Because of this, I think it is more important to teach in terms of uniqueness and build constructs around this idea instead of in terms of mutability (which is just a side-effect of safe defaults).

This is something I also thought when I was writing the RFC, but I think it is flawed because we already have completeness, you have either a shared reference or a unique reference, you can't have something that is not shared and not unique (unless it is inaccessible, which is useless), or both shared and unique (That just doesn't make sense). So we have all of the references we need (actually we are still missing one, &own T, which takes ownership of T and allows cheaply owning unsized types).

4 Likes

What about a reference to a memory location representing a write-only register or port? To me, &out, would be great to have to represent that sort of thing. But, that is a different interpretation of &out than others are talking about. It would never be permitted to be turned into an &mut or & because it simply is not readable.
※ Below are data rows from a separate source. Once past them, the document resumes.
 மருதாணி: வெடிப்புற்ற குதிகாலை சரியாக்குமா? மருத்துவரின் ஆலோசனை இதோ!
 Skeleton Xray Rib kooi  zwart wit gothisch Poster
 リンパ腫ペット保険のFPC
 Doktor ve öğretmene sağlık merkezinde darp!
That was what the &out in my RFC was, I’m not too sure about this because I personally have never used such registers and I hear that they are quite rare. I don’t know if it is worth adding a whole new reference type for such a rare thing. You could use *mut T and just never read from it. Maybe even create a wrapper like so,

pub struct Out<'a, T: ?Sized> {
    ptr: *mut T,
    lifetime: PhantomData<&'a mut T>
}

impl<T: ?Sized> Out<'_, T> {
    pub unsafe fn from_raw(ptr: *mut T) -> Self {
        Self {
            ptr, lifetime: PhantomData
        }
    }

    pub fn as_ptr(&mut self) -> *mut T {
        self.ptr
    }
}

impl<T> Out<'_, T> {
    pub fn write(&mut self, value: T) {
        unsafe { self.ptr.write(value) }
    }
}

This should be useable enough as a &out for such registers/ports. If not, there is always unsafe.

4 Likes

I have no idea what you are proposing here and why it is any better than usize.

2 Likes

The primary benefit that references have over usize lies in their lack of an arbitrary safe constructor. If given a usize, you can copy the value, send it through some data channel, and create a new usize on the other end. If that usize is given back to the origin it cannot distinguish them.

If on the other hand, you use an &... you could turn the & into a usize, send it through the channel, but you cannot safely rebuild the &... on the other end of the channel.
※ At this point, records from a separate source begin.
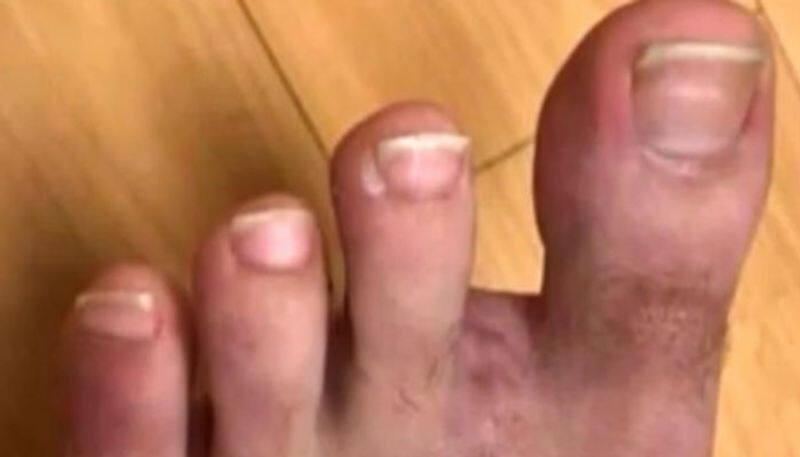doctors at michigan use mans toe to replace his thumb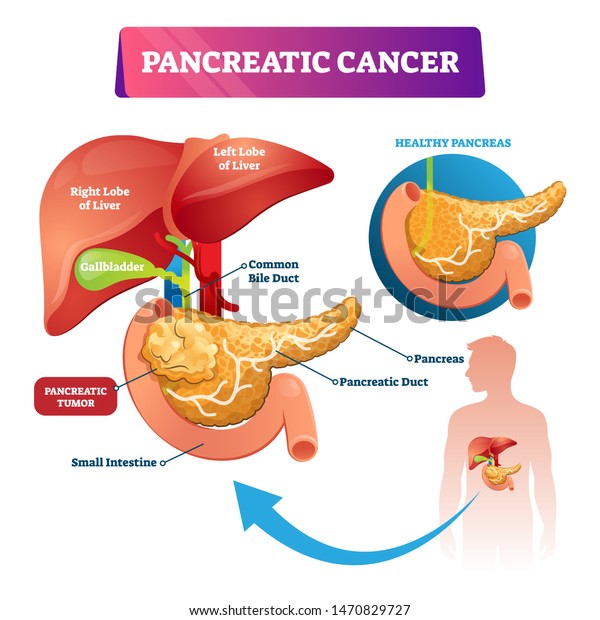 Pancreatic cancer vector illustration. Labeled\
sick stomach oncology disease scheme. Diagram with inner organs\
structure, healthy and tumor comparison. Liver lobes, gallbladder\
and intestine\
example.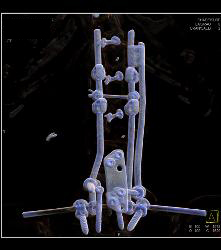 Hardware Extends and Is Adjacent to Aorta - CTisus CT Scan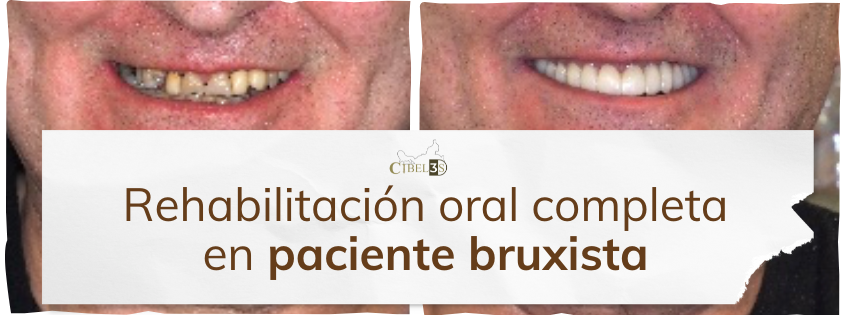 Caso clínico: Rehabilitación oral completa en paciente bruxista con Implantología Estratégica Corticobasal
That’s not the issue, if you have a &!, then you could dereference it to get an instance of !. Therefore &! must also be uninhabited. This means that it should have all the same properties of !.

Even better:

impl<'a, T : 'a> Out<'a, T> {
    pub
    fn set (self: Out<'a, T>, value: T) -> &'a mut T
    {
        unsafe {
            self.ptr.write(value);
            &mut *self.ptr
        }
    }
}
1 Like

Using &! to represent a unique id feels very hacky even if it was valid.

I would just define a type like this instead:


// Not Copy or Clone,so it's definitely unique
#[derive(Debug)]
pub struct UniqueId{
    id:usize,
}

impl UniqueId{
    pub fn new()->Self{
        use std::sync::atomic::{AtomicUsize,Ordering};
        static UNIQUE_ID:AtomicUsize=AtomicUsize::new(0);
        Self{
            id:UNIQUE_ID.fetch_add(1,Ordering::SeqCst),
        }
    }
    /// Constructs UniqueId from an arbitrary usize.
    /// 
    /// # Safety
    ///
    /// Callers must ensure that there is no other `UniqueId` that returns the same usize from `.id()`,
    /// since users of UniqueId are free to assume that it always has a unique id.
    pub unsafe fn new_unchecked(id:usize)->Self{
        Self{id}
    }

    pub fn id(&self)->usize{
        self.id
    }
}


This is assuming that you only want an id that’s unique within the same process.

1 Like

Right, my thinking was largely that dereferencing &! would need to be statically checkable error, this is problematic for generic functions over of &T -> T… I’m just largely pointing out that there is a case where refence construction semantics are desirable, and where reference equality is well defined, where it matters not whether the reference points to initialized data. To note that there is an instance where having an inhabited &! is useful without triggering undefined behavior. So abolishing references to uninitialized data is not entirely lossless. The tying to this to absurdity is unfortunate.